Top of the Rock, 30 Rockefeller Plaza, New York, NY, USA +1 212 698 2000
Travel across two boroughs via the Brooklyn Bridge. It offers great photo ops of downtown Manhattan and DUMBO. There are separate lanes for bikers and pedestrians, which clears up a bit of the congestion. This is an ideal place for a mid-day date or just a day out with some friends. For those who might be afraid to cross the bridge, the Brooklyn Bridge Park is located below the bridge on the Brooklyn side and offers the same breathtaking views of lower Manhattan.
Those whose lives were lost in the tragic events of September 11th will never be forgotten. This memorial, completed in September 2011, pays homage to all those who lost their lives. Two beautiful pools, equipped with man-made waterfalls, sit where the two twin towers once stood. Try to locate the Survivor Tree, the memorial’s symbol of the past and present fused together. This tree, discovered after the attacks, was nursed back to health by the New York City Department of Parks and Recreation and returned to the site.
Greenmarket Farmers’ Market
The only thing better than eating fresh produce is picking out the produce yourself. New York City is home to a plethora of different food markets, many stemming from Greenmarket, a network of farmers’ markets in the city. Their goal is to bring city residents a taste of freshness while giving business to local farmers. There are over 50 markets throughout the boroughs including one in Union Square and Williamsburg. The days vary by market, so check out their blog for information on events, and weather announcements.
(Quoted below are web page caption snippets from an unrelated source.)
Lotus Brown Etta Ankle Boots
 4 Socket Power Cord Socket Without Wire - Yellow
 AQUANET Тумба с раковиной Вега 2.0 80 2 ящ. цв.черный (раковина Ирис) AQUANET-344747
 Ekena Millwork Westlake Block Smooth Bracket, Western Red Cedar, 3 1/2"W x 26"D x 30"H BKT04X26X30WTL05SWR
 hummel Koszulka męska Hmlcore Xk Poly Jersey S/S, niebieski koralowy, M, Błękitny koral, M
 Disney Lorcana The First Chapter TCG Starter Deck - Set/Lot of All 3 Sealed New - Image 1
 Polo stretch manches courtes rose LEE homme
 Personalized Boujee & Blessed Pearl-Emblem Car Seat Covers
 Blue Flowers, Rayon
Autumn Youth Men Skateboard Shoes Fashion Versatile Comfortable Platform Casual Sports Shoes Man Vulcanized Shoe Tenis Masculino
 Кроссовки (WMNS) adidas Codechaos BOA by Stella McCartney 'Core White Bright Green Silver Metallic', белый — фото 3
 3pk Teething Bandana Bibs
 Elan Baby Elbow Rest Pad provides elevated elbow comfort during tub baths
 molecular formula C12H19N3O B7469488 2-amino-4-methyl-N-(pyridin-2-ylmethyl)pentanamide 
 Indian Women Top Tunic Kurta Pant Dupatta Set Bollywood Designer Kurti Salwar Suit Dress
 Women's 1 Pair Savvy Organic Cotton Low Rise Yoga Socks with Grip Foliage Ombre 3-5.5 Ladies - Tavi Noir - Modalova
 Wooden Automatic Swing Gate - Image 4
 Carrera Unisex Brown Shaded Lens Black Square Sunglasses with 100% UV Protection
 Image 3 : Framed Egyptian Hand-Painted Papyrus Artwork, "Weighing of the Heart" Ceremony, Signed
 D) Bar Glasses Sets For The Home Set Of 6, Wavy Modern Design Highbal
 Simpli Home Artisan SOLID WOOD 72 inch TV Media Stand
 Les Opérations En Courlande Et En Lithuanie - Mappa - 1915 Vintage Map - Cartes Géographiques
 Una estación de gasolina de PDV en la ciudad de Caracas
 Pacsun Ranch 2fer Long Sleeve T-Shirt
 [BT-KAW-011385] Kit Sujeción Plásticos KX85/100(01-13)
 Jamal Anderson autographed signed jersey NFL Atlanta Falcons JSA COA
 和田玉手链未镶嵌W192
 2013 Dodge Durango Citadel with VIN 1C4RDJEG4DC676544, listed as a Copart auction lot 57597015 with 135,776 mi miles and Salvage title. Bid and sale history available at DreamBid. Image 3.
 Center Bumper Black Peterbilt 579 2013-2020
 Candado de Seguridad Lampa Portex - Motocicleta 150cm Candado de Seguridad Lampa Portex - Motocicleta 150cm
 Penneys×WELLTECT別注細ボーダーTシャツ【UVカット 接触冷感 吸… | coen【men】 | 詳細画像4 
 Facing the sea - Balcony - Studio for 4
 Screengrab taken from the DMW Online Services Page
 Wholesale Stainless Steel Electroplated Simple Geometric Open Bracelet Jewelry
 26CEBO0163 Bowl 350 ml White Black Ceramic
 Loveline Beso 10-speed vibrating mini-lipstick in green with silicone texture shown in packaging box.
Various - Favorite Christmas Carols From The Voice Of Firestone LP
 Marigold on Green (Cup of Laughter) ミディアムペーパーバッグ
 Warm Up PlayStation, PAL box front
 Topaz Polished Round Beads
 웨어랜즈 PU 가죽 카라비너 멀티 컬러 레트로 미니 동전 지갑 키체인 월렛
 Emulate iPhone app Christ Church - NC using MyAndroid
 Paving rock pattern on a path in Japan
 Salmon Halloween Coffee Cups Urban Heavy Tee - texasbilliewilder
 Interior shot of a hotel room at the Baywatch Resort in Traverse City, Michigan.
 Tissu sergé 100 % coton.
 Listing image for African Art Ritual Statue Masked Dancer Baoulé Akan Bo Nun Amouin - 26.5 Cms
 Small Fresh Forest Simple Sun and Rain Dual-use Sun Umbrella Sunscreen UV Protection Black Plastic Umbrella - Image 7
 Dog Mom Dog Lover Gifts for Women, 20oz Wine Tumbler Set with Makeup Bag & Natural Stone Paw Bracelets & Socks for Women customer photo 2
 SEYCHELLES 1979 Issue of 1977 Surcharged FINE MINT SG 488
Hell’s Kitchen Flea Market (HKFM)
As vintage makes its comeback into modern society, flea markets are the place to go. HKFM, open year round Saturdays and Sundays, is a great place to find cool little gadgets, old records, fun clothing, quirky furniture, jewelry, and so much more. Go with friends or fly solo and explore everything this market has to offer. There are a good number of stands, allowing for maximum browsing. Maneuvering through the crowd can be a bit frustrating at times, but with a bit of patience (and luck), you can find a nice little treasure to take home.
Queens County Farm Museum
For those who want to escape the crazy city life and take a quiet day off without actually leaving the five boroughs, Queens County Farm is a great spot. This farm, located in Glen Oaks, Queens, has been around since 1697, though the actual farmhouse was built in the mid-1700s. They have a lot of seasonal events, including apple and pumpkin picking in the fall, and wreath making in December. The farm offers many daily events as well, so make sure to check out their event calendar to see what is going on.
Central Park is arguably one of the most iconic landmarks in the city. The park hosts a bunch of different events including a Jazz Festival in the fall, Shakespeare in the Park in the summer, and ice skating in the winter. If you’re not interested in organized events, walk around and see what’s going on. Listen to someone play the guitar on the grass, revisit childhood wonder in the Alice in Wonderland-themed park, or go retro and rollerblade down the hills. This park is so big, it’s hard to come here and not find something to do.
Central Park, New York, NY, USA +1 212 310 6600
One of the many parks in the city, Bryant Park, is probably best known for its ice skating rink in the winter and concerts in the summer. This park is drastically smaller than Central Park, but that doesn’t mean it offers anything less. Bryant Park hosts daily events ranging from fitness classes to bird watching tours. The main website offers plenty of activities to keep you occupied. Apart from the events, the scenery itself is a sight to see with beautiful tulips in the spring and vibrant foliage in the fall.